* _TASK TO CARRY OUT_:
In the listing below, locate the line containing "Immunohistochemistry (IHC) staining" and the line containing "In fact every". Output both of them and every line between, exactly as written, and nothing more.

* _DATA FOR PROCESSING_:
::::::::::

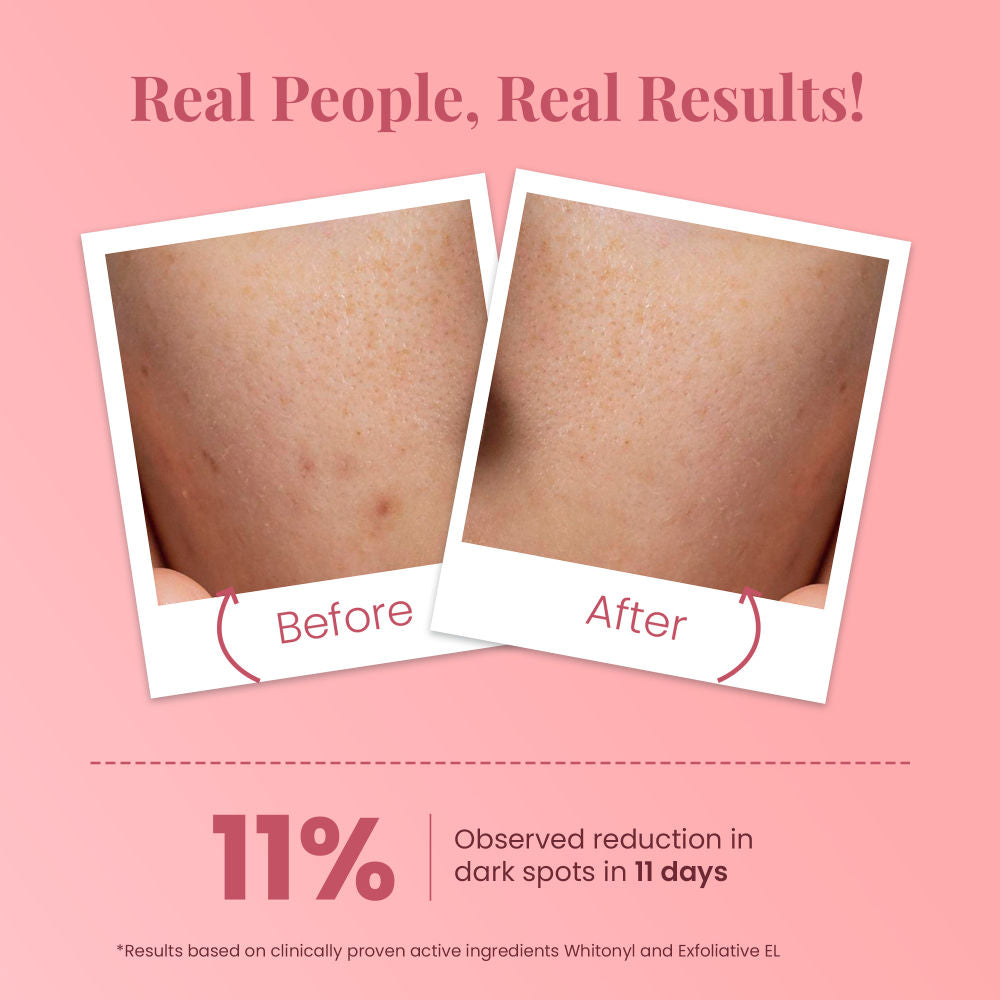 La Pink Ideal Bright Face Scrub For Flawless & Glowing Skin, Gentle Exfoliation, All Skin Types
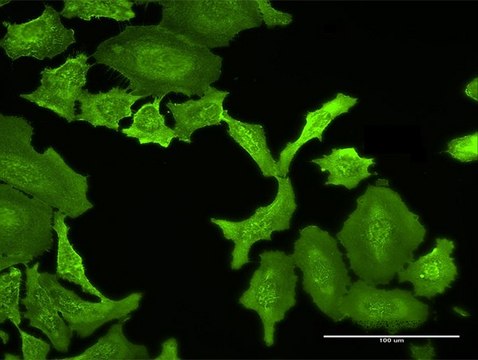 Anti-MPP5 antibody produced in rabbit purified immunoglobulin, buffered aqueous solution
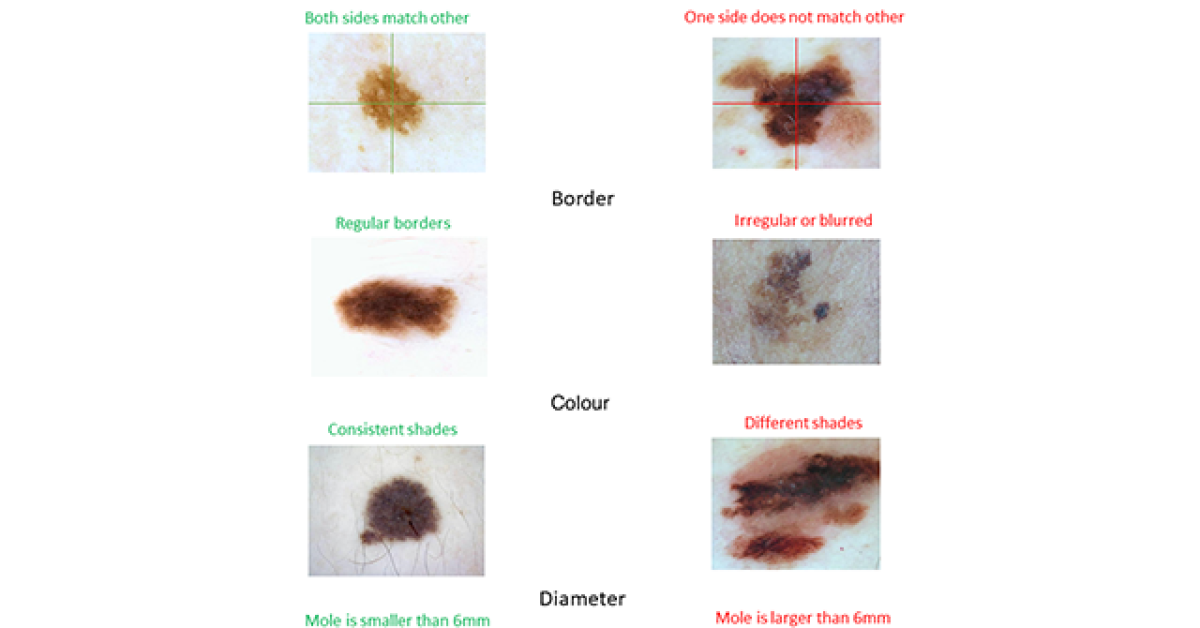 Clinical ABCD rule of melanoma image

::::::::::

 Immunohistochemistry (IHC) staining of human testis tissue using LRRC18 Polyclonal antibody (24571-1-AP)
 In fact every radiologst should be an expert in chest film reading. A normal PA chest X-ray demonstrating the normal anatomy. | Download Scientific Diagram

::::::::::

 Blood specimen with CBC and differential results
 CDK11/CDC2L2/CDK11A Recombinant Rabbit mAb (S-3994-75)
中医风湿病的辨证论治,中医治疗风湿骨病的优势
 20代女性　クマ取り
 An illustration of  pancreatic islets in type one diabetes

::::::::::

* _PROBLEM SOLUTION_:
 Immunohistochemistry (IHC) staining of human testis tissue using LRRC18 Polyclonal antibody (24571-1-AP)
 In fact every radiologst should be an expert in chest film reading. A normal PA chest X-ray demonstrating the normal anatomy. | Download Scientific Diagram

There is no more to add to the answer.